Articles | Volume 8, issue 5
Research article
29 Oct 2012
Research article |  | 29 Oct 2012

A model–data comparison for a multi-model ensemble of early Eocene atmosphere–ocean simulations: EoMIP

D. J. Lunt, T. Dunkley Jones, M. Heinemann, M. Huber, A. LeGrande, A. Winguth, C. Loptson, J. Marotzke, C. D. Roberts, J. Tindall, P. Valdes, and C. Winguth

Abstract.
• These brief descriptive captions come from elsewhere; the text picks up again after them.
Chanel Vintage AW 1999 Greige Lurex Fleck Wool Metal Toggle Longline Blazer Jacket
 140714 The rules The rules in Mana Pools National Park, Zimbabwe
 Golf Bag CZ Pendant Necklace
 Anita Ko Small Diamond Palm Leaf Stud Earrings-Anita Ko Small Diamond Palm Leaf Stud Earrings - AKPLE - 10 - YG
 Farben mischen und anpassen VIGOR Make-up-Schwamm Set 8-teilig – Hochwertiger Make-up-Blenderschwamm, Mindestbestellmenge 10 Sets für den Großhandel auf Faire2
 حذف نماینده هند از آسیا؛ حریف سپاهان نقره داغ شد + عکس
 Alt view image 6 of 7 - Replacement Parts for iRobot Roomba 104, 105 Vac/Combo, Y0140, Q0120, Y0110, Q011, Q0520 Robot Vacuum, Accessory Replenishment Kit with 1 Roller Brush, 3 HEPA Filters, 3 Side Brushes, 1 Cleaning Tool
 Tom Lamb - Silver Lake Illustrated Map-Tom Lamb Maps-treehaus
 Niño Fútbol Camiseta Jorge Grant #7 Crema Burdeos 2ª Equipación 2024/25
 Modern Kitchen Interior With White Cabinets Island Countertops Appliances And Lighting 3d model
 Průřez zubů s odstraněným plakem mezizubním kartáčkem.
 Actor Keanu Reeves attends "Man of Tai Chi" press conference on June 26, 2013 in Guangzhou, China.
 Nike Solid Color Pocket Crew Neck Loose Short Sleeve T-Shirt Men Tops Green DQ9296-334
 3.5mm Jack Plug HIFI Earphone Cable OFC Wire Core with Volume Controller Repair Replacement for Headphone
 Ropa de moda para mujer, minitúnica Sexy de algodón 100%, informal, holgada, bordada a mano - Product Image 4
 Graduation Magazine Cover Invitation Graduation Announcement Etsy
The early Eocene (~55 to 50 Ma) is a time period which has been explored in a large number of modelling and data studies. Here, using an ensemble of previously published model results, making up "EoMIP" – the Eocene Modelling Intercomparison Project – and syntheses of early Eocene terrestrial and sea surface temperature data, we present a self-consistent inter-model and model–data comparison. This shows that the previous modelling studies exhibit a very wide inter-model variability, but that at high CO2, there is good agreement between models and data for this period, particularly if possible seasonal biases in some of the proxies are considered. An energy balance analysis explores the reasons for the differences between the model results, and suggests that differences in surface albedo feedbacks, water vapour and lapse rate feedbacks, and prescribed aerosol loading are the dominant cause for the different results seen in the models, rather than inconsistencies in other prescribed boundary conditions or differences in cloud feedbacks. The CO2 level which would give optimal early Eocene model–data agreement, based on those models which have carried out simulations with more than one CO2 level, is in the range of 2500 ppmv to 6500 ppmv. Given the spread of model results, tighter bounds on proxy estimates of atmospheric CO2 and temperature during this time period will allow a quantitative assessment of the skill of the models at simulating warm climates. If it is the case that a model which gives a good simulation of the Eocene will also give a good simulation of the future, then such an assessment could be used to produce metrics for weighting future climate predictions.